The Mendip Mystery by Lynn Brock - For the 1929 Club

 Lynn Brock published two books in 1929. The first is the charming but light The Dagwort Coombe Murder, which I’ve also reviewed for the club. The second is The Mendip Mystery.

In this case we are in the hands of a professional detective, Colonel Gore (book five of seven in the series) who has been tasked with trying to trace a long-lost relation of a dapper little furniture merchant, and, in what appears to be an unrelated matter, to meet a possible new client at an unpopular inn to discuss another job. Despite mild annoyance at the venue, made with no thought of his convenience but purely because his prospective client will be hunting out that way, Gore agrees.

The set up is excellent.  High winds and fallen trees and a hunting accident earlier in the day result in several guests being stranded at the inn overnight, much to the proprietor’s dissatisfaction, since he just wants to get (more) drunk in peace and hasn’t enough sheets anyway.

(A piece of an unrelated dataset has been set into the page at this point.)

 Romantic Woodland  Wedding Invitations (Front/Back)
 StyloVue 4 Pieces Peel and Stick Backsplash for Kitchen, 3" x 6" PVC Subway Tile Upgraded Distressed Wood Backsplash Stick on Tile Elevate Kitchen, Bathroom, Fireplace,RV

Understandably some of those guests decide not to go to bed at all and of course in the morning, one is found dead.

Brock has a great eye for detail, the state of the inn itself, the converted storage building in town and it’s creepiness after dark, the frustrations of a secretary who wants an extra day off for Christmas and is trying to time the asking of it right and go above and beyond in the meantime to earn brownie points, but resentful of the need.

If I had to criticise I would say there’s a lot going on in this book. One subplot about escaped lunatics (whose treatment is very much of the time I’m afraid, kicked back out into the storm and left), and another about diamonds – a long history by one of the characters about how he stumbled across a ditch full of rough diamonds in Namaqualand, which has since been found and worked by the British government, that I was half inclined to think completely made up until I read my last book, a non-fiction work by Arthur Conan Doyle, where he describes that exact place. Clearly Brock incorporated it because it was big news.

It's also often quite a funny book, although not with the obvious humour of Dagwort Coombe, with the odd call back to earlier stories. I’m tempted to go back and start this series from the beginning now. 


Thanks as always to Simon and Karen for running these clubs.